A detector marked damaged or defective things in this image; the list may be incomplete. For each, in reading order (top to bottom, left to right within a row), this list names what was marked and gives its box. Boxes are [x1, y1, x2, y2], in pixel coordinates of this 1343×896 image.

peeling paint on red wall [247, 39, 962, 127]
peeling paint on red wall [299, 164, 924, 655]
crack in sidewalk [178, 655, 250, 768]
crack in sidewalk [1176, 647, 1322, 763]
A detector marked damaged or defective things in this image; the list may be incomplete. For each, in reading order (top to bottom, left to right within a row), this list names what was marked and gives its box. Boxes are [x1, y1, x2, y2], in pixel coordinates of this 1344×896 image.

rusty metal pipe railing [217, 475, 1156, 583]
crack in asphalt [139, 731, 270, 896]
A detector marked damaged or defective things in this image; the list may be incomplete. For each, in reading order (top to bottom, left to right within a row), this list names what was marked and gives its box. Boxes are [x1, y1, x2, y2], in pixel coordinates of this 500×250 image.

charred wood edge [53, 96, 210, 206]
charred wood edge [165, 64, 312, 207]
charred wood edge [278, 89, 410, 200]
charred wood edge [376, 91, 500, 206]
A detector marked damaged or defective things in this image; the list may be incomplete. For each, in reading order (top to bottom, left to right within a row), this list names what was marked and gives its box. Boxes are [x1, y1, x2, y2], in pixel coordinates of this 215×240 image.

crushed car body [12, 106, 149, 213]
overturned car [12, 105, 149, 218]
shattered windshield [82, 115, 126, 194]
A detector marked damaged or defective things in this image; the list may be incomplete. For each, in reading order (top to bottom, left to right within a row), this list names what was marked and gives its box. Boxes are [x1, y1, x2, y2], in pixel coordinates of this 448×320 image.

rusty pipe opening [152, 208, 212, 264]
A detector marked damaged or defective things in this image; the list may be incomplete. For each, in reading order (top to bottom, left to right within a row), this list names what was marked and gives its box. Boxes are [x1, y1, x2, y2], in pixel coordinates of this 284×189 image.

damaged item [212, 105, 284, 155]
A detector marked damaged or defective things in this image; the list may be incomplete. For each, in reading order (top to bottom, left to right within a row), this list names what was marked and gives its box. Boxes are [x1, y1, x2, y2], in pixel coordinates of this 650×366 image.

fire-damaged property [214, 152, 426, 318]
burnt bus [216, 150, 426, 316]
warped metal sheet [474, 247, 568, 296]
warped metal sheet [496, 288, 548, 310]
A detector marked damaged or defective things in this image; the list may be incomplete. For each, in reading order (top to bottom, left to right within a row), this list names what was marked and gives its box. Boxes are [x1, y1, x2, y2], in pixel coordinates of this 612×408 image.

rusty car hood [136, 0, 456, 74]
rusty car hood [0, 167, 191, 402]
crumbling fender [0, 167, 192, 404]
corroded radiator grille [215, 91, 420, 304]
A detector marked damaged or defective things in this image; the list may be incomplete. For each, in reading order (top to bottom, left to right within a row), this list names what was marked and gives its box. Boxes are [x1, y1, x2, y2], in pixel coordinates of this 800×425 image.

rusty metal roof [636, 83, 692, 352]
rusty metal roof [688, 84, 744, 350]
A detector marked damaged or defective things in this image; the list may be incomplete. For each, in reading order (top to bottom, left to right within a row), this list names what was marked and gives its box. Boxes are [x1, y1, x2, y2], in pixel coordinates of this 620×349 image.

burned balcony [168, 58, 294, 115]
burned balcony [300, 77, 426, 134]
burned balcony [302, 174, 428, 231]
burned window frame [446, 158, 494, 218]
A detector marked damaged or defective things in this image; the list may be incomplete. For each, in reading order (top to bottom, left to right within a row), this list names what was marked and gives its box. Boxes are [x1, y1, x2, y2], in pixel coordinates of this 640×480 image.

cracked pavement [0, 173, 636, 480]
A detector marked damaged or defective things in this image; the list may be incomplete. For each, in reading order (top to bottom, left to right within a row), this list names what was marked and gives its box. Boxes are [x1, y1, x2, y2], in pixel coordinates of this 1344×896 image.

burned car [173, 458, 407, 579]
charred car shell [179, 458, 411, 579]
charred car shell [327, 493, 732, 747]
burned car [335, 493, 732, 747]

····················

# DIRECTIONS FOR THIS TASK:
Your answer should hold the line with "this 620×349 image." and each line after it to the end of the data, retyped exactly. Include no other lines.

# ANSWER TO THIS EXERCISE:
A detector marked damaged or defective things in this image; the list may be incomplete. For each, in reading order (top to bottom, left to right within a row), this list names what was marked and gives its box. Boxes are [x1, y1, x2, y2], in pixel coordinates of this 620×349 image.

burned balcony [168, 58, 294, 115]
burned balcony [300, 77, 426, 134]
burned balcony [302, 174, 428, 231]
burned window frame [446, 158, 494, 218]
A detector marked damaged or defective things in this image; the list may be incomplete. For each, in reading order (top to bottom, left to right within a row), this list names what was marked and gives its box. Boxes are [x1, y1, x2, y2], in pixel coordinates of this 640×480 image.

cracked pavement [0, 173, 636, 480]
A detector marked damaged or defective things in this image; the list may be incomplete. For each, in reading order (top to bottom, left to right within a row), this list names what was marked and gives its box. Boxes are [x1, y1, x2, y2], in pixel coordinates of this 1344×896 image.

burned car [173, 458, 407, 579]
charred car shell [179, 458, 411, 579]
charred car shell [327, 493, 732, 747]
burned car [335, 493, 732, 747]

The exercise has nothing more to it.